The only OS that doesnt as far as I'm aware is windows. And what image editors still have problems? Affinity has supported it for several years, GIMP, lightroom/PS, photopea, everywhere I test webp works fine. All work just fine.

Most social media sites take webp these days no issue, its mostly older oft php-based sites that struggle far as im aware. And when it cuts down bandwidth by a sizeable amount theres network effects that tend to push some level of adoption of more modern image formats.


> png (no compression)

To be clear, PNG only supports lossless compression, while WebP has separate lossy and lossless modes. AVIF can do lossless compression too, but you're usually better off using WebP or PNG (if you need >8 bpc) instead as it really isn't good at that.


There is lossy PNG compression that works very well for images using a limited color palette (pngquant, lossypng, etc).


PNG can be lossy before the lossless step. You can take areas of near-matching pixel values and make them actually match, to work better with PNG's near neighbor compression.

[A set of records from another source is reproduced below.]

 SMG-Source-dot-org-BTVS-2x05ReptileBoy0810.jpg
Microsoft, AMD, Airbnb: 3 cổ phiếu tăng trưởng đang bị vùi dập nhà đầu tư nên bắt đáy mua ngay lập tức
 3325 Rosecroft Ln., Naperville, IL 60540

There are a few encoders that can do that.


With how inaccessible webp is I’m surprised it doesn’t come with some DRM.

I’m sure Google has stats about “right click save as”

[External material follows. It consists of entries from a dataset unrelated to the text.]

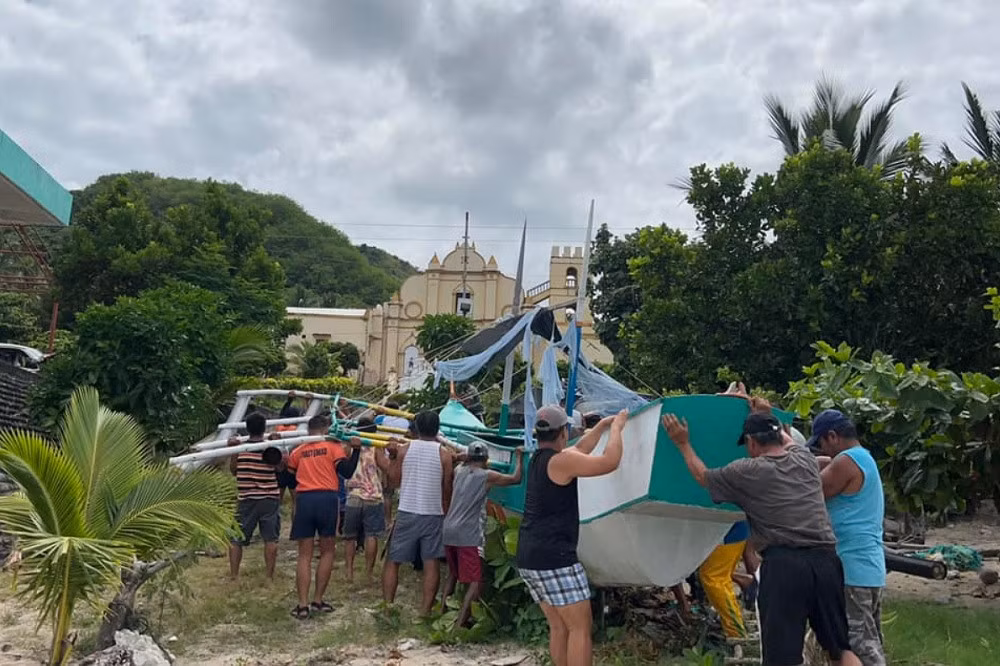 Nguoi dan Philippines chuan bi gi chong sieu bao Mawar?-Hinh-4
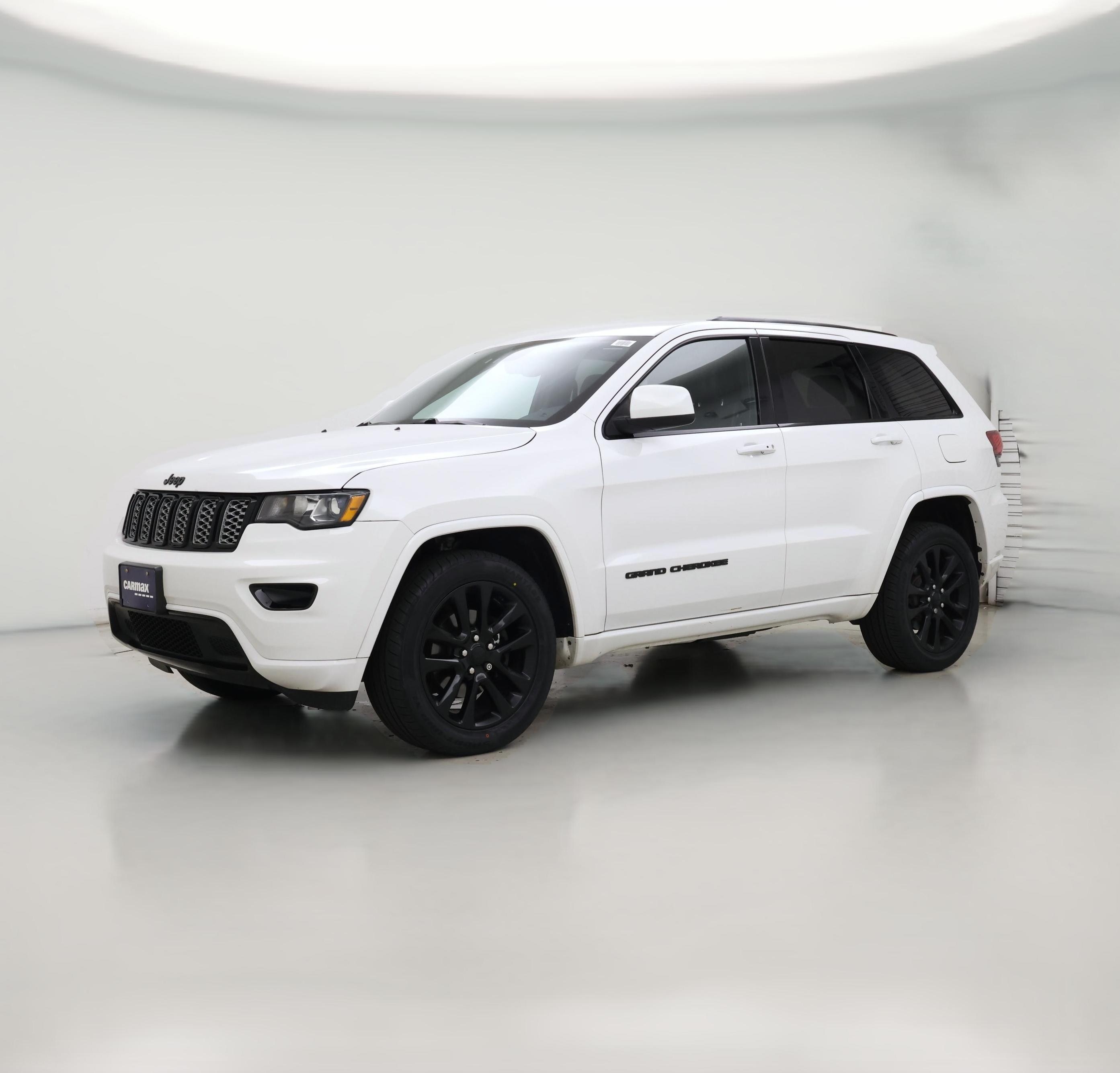 Thumbnail: 2017 Jeep Grand Cherokee - 1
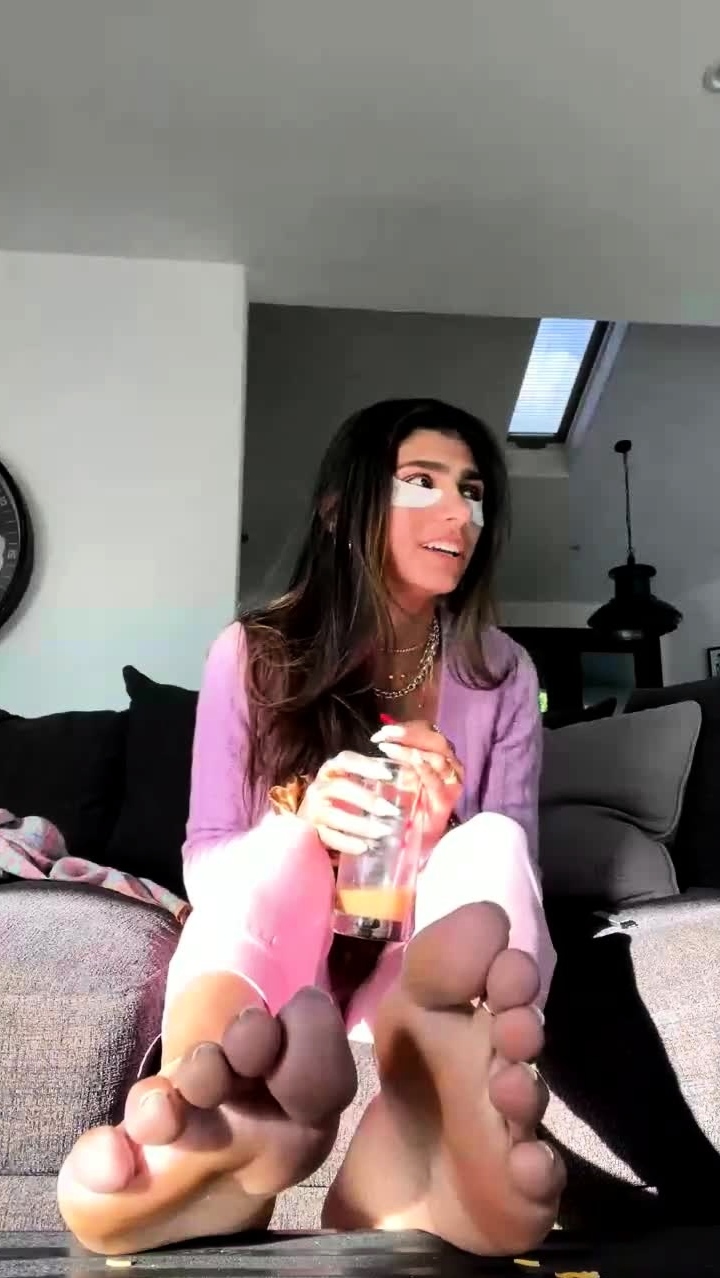 Mia khalifa onlyfans feet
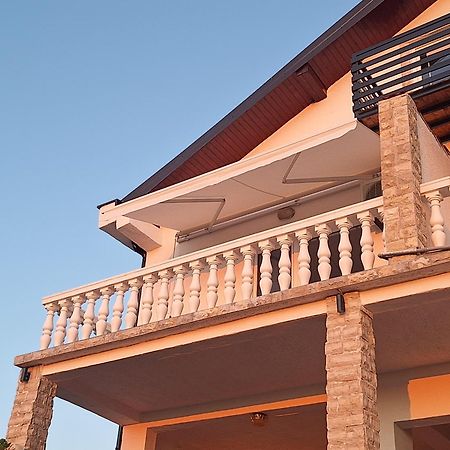 Apartments Cetiri Sestrice Novigrad  Buitenkant foto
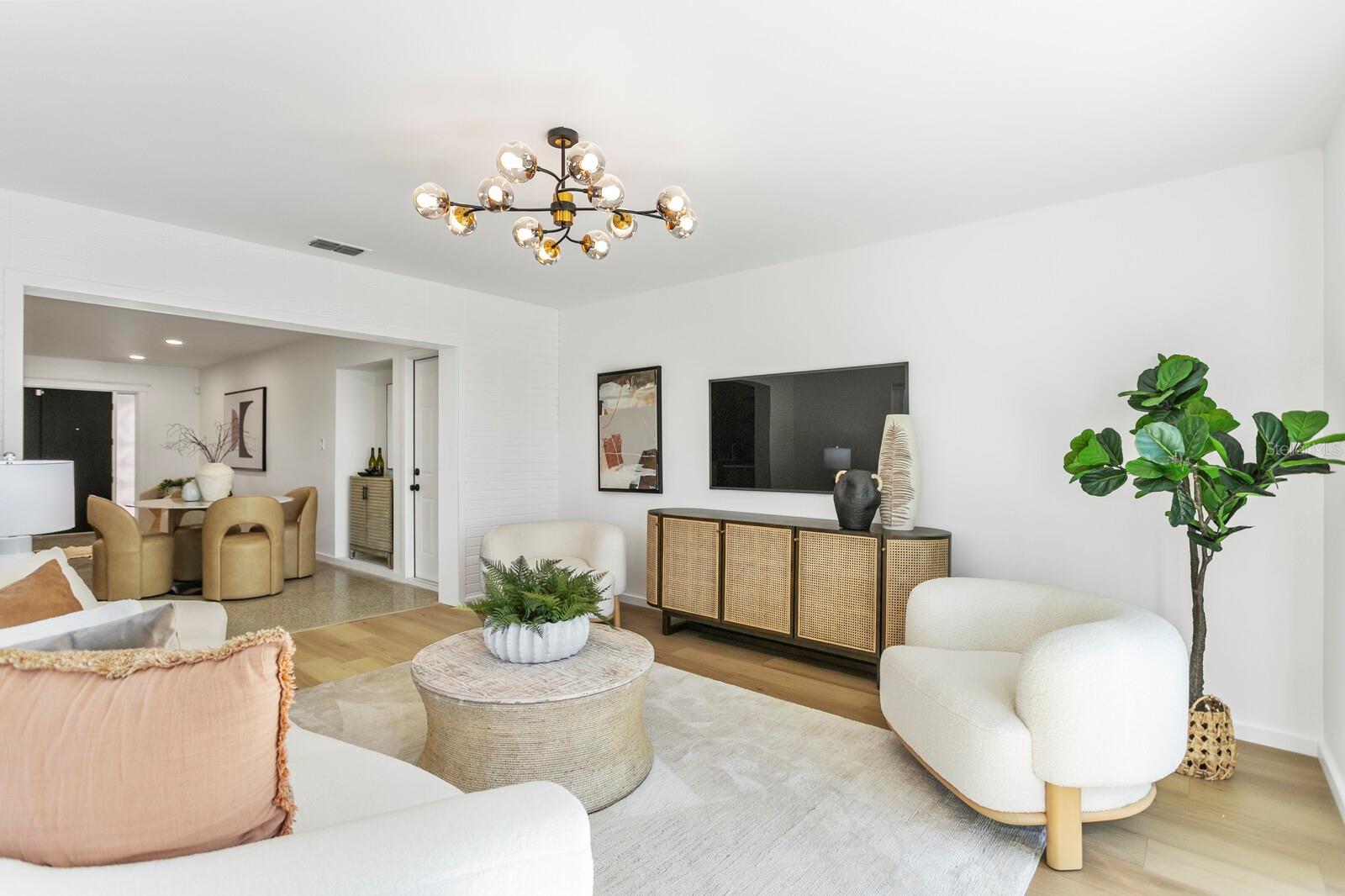 Listing photo id 13 for 8704 Thornwood Lane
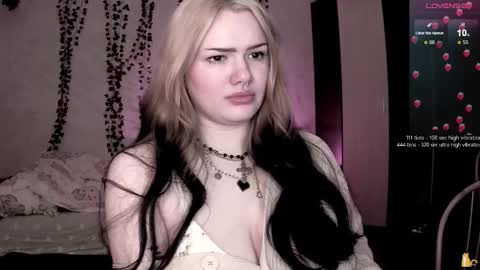 cherry_elfcat online show from 11/15/25, 08:00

It is not that trivial, because there are tons of existing JPEG files and lossy recompression costs quality. (PNG does get replaced primarily because lossless WebP is kinda a superset of what PNG internally does.)


On your last point: I find it super annoying when both lossy and lossless codecs have the same name, and, more importantly, file extension. I get it that internally they are "almost the same thing", just with one extra step of discarding low-impact values, but when I see a PNG/FLAC file I know, that if the file was handled properly and wasn't produced by Windows clipboard or something, it is supposed to represent exactly the original data. When I see JPEG/MP3, I know that whatever it went through, it is not the original data for sure. When I see WEBP, I assume it's lossy, because it's just how it's used, and I cannot just convert all my PNG files to a newer format, because after that I won't be able to tell (easily) which is the original and which is not.

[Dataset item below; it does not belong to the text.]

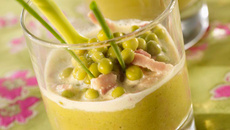 Cappucino de pois entiers à l'esprit de lard fumé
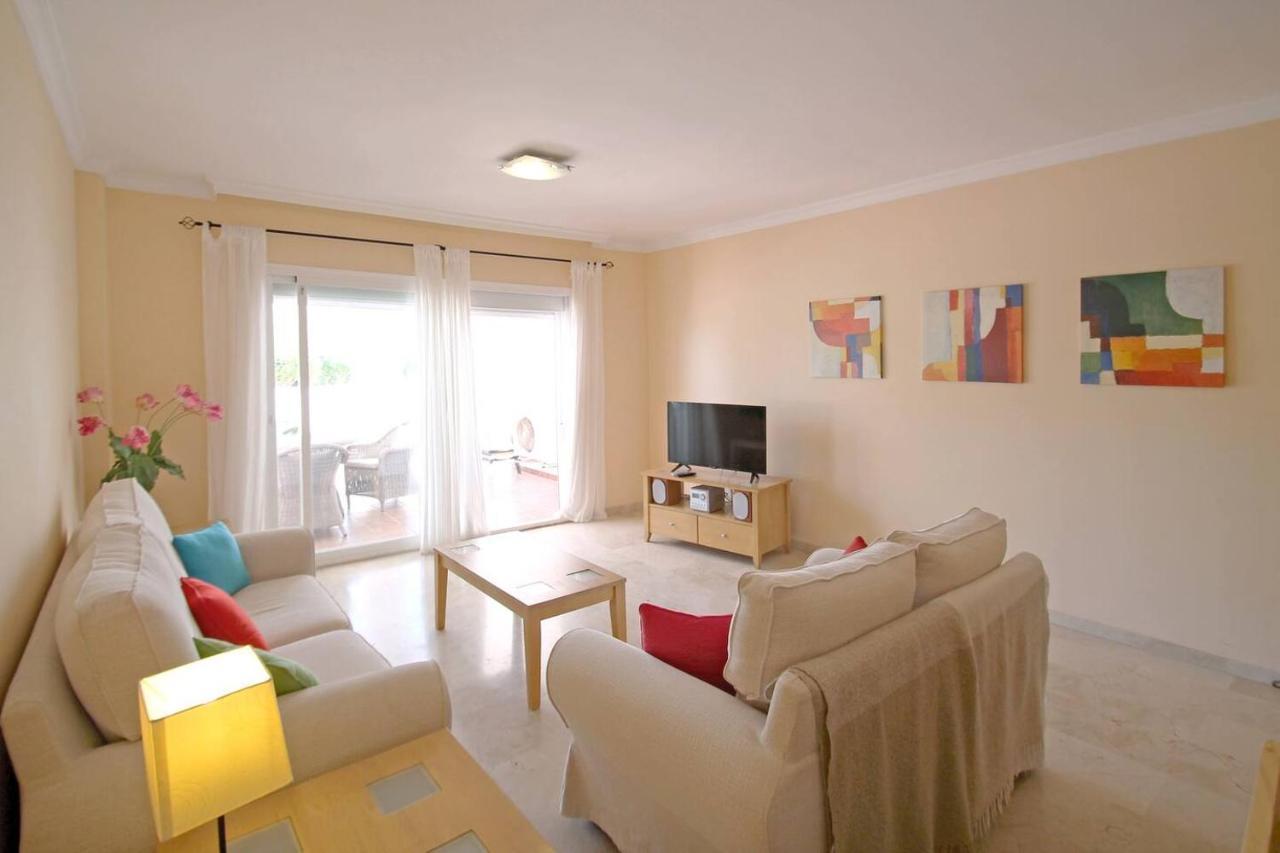 Luxury, Spacious 2 Bed Apartment Estepona Dış mekan fotoğraf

Ah, in that case you would be more annoyed to learn that lossy WebP and lossless WebP are completely distinct. They only share the container format and their type codes are different.


Awesome. It would be interesting to learn why they even thought it is a good idea. Content-agnostic containers may make sense for video, but for the vast majority of use-cases a "video" is in fact a complex bundle of (several) video, audio, metadata tracks, so the "container" does much heavier lifting than specifying codec details and some metadata.


Why would they want different container formats? No point in having multiple different metadata specs.


The PNG and FLAC format doesn't doesn't tell you that. While both specify lossless encoring algorithms (assuming data is already quantized to a supported bit depth), that doesn't prevent encoders from adding additional lossy preprocessing steps that improve compression - and there are several such encoders for PNG.


Just re-encode it to Jpeg XL without loss of quality, and use less space.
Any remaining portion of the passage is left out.